To deal with the growing problem of "corporate divorce," Rabbi Ian Wolk, an expert in family counseling and marriage intervention, and Robert Cunitz, a licensed psychologist, have formed Partnership Consultants Inc.
The Silver Spring based company is one of the few in the country performing this unusual counseling service Serving as a financial consultant is Cunitz' brother Jonathan, a Harvard MBA and former vice president of Chase Manhattan Bank.
Corporate divorce may not be as dramatic as the film "Kramer vs Kramer" but the consequences, emotional and financial, can be devasting.
"Because of the increasing rate of splits and the resulting business failures, banks are losing money and they're concerned," Wolk said
For a company experiencing financial trouble, the real problem usually lies beneath the surface, in the personal relationships within the firm, according to Wolk. His job is to find the source of and make recommendations to ease interpersonal friction.
"Ninety percent of the time, really serious financial mismanagement is the result of incompatible style," Wolk said. "It is a symptom of something else."
Partnership Consultants specializes in counseling smaller firms with two to 12 partners. Wolk said that professional partnerships -- law, accounting and medical firms -- and family operated business seem to have the most difficulty in staying together.
Wolk and Cuntiz begin by conducting individual interviews with every employe, including secretaries, who may have some insight into the problem.
There are a number of classic patterns that Wolk and Cunitz can spot right away -- a partner who feels misunderstood or unappreciated by his superiors, sexual tension, an overachiever who gets on the nerves of others.
"One person is often the catalyst to a problem," Wolk said. "We look for pragmatic solutions to try to get them to work better together."
Improving communication is one of the primary goals.
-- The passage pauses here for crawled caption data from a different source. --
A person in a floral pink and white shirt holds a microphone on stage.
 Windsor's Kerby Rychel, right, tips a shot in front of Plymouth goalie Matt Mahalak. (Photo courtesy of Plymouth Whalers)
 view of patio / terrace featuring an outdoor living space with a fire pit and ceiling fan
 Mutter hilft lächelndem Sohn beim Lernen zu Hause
Wolk may recommend that partners get together over lunch every week or that outside persons be brought in to act as sounding boards for ideas.
In the case of a family business, Wolk might advise that personal, family matters never be discussed during business hours.
"Sometimes resentment is base on a false view of who should be doing what," Wolk said.
What appears to be an irreconcialable personality difference between two partners can be alleviated "if you get them to recongnize that partner A has skills that partner B doesn't have."
Most business partnerships are formed with the profit motive in mind, and little consideration of potential, personal disagreements, Wolk contends.
"Within the first six months the tension starts to show and they attribute it to everyting else," Wolk said. "Five years down the line they will find something else to attribute it to."
Over the years little things that have bothered one person or another build up and hostility and tension increase.
In some instances the problem is simply a bad match and Wolk will recommend a "divorce."
"There are some people who should not be in business together." he said. "In that case we can mediate (a split) to take some of the antagonism out of it."
"I measure success two ways -- if they stay together or if they split amicably."
Partnership Consultants' efforts helped prevent the dissolution of one law firm and saved the partners millions of dollars in lawsuits that surely would have followed.
Working quickly is important to Wolk and Cunitz. Within 24 hours of the initial interviews, they usually will have some suggestions for a resolution.
Cunitz Partnership Consultants also holds weekend-long retreats to bring partners together in a relaxed environment to discuss and work out their differences. During these sessions, which cost $4,000, partners will try to find out why they don't get along with a particular person or persons.
We set up role plays with partners," Wolk said, "in which they project what they think ought to be the role of the other partner. You have to make someone see how they come across to others. Once you accomplish that, that's 90 percent of the work."